Klimaschutz-Analyse für 17 Städte
Die Innovation City Management GmbH (ICM) hat nicht nur Bottrop unter die Lupe genommen, sondern 17 Städte im Ruhrgebiet. Im Sommer wurden die Ergebnisse vorgestellt.
In den 20 untersuchten Quartieren werden derzeit jährlich knapp eine Million Tonnen CO₂ ausgestoßen. Diese Menge würde 1.440 Mal den Gasometer in Oberhausen füllen. Bei Umsetzung aller vorgeschlagenen Maßnahmen können konservativ berechnet über einen Zeitraum von fünf Jahren fast ein Drittel davon eingespart werden. Mit der Erzeugung und Nutzung von Sonnenenergie könnten die Quartiere ihren Strombedarf untereinander komplett abdecken und die gleiche Strommenge sogar noch abgeben.
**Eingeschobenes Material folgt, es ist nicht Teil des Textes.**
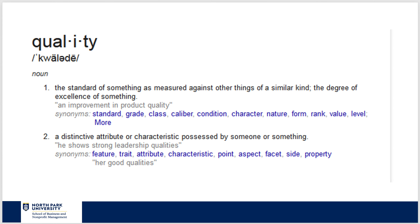That's a pretty good definition. If you go to the dictionary, it's the standard of something as measured against other things of similar kind — the degree of excellence of something, an improvement in product quality. Synonyms include standards, grade, class, caliber, condition, character, nature, form, rate, value, level, and more. It's also a distinctive attribute or characteristic possessed by someone or something — a feature, a trait, an attribute, a characteristic, a point, an aspect, a facet, a side, a property.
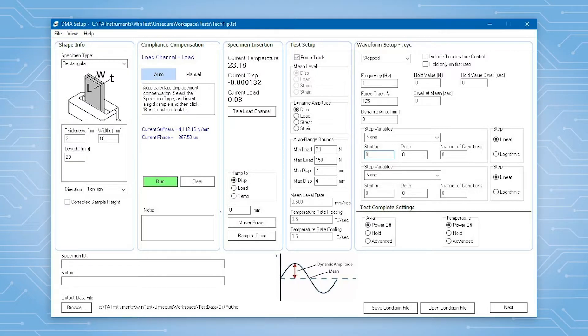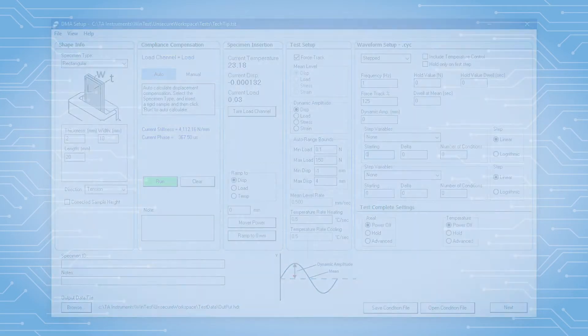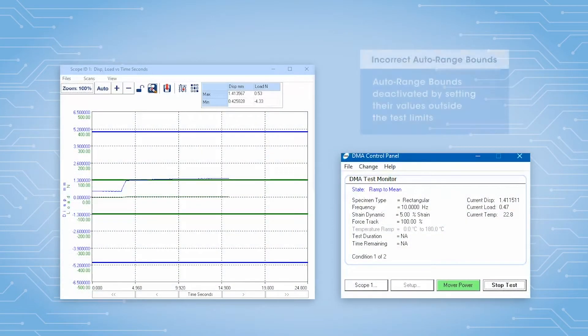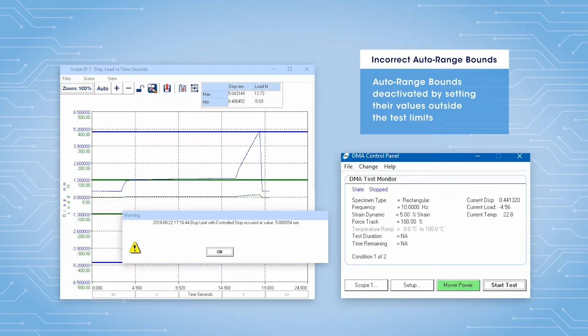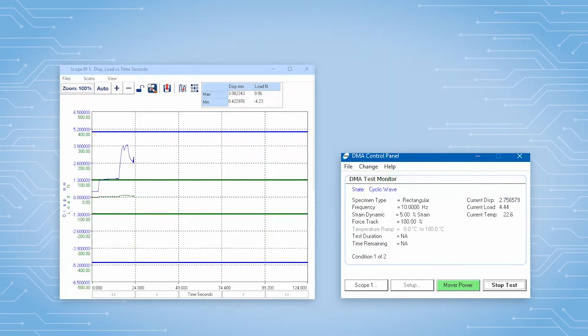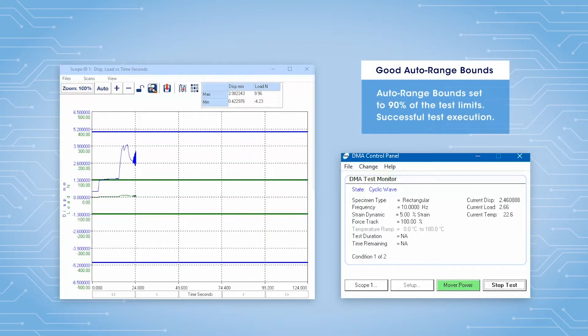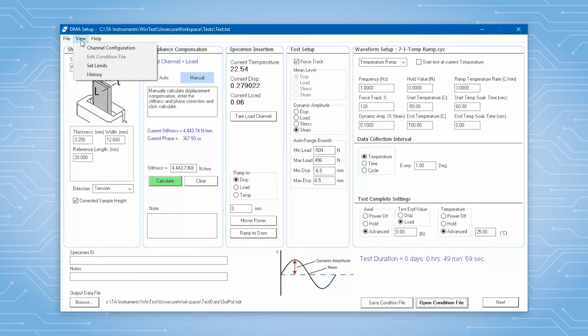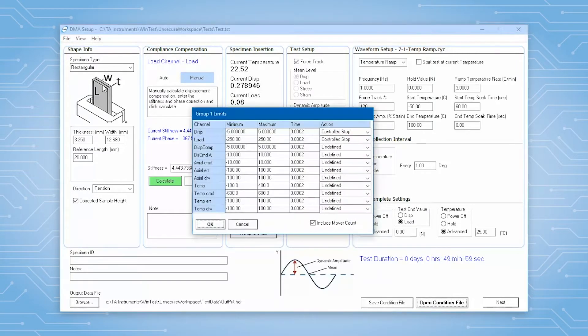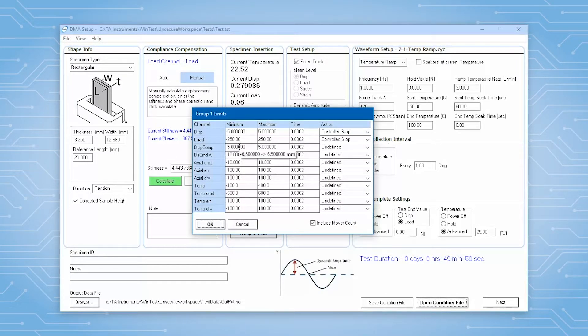Also, in the test setup panel are the settings for the auto range bounds. The auto range feature for the DMA adaptive controller will adjust the waveform if needed. For instance, it will adjust the waveform to keep the test running within the capacity of your sensors. Auto range bounds are automatically populated based on your geometry and system limits.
Durch energetische Modernisierung ließen sich im Bereich Wärme bei Wohnhäusern theoretisch der Energiebedarf um 45 Prozent reduzieren. So könnten zum Beispiel 270.000 Fässer Heizöl eingespart werden. Bereits durch den Austausch von alten Elektrogeräten und eine Verhaltensänderung der Bewohner ist es möglich, fast 17.000 Megawattstunden im Jahr einzusparen.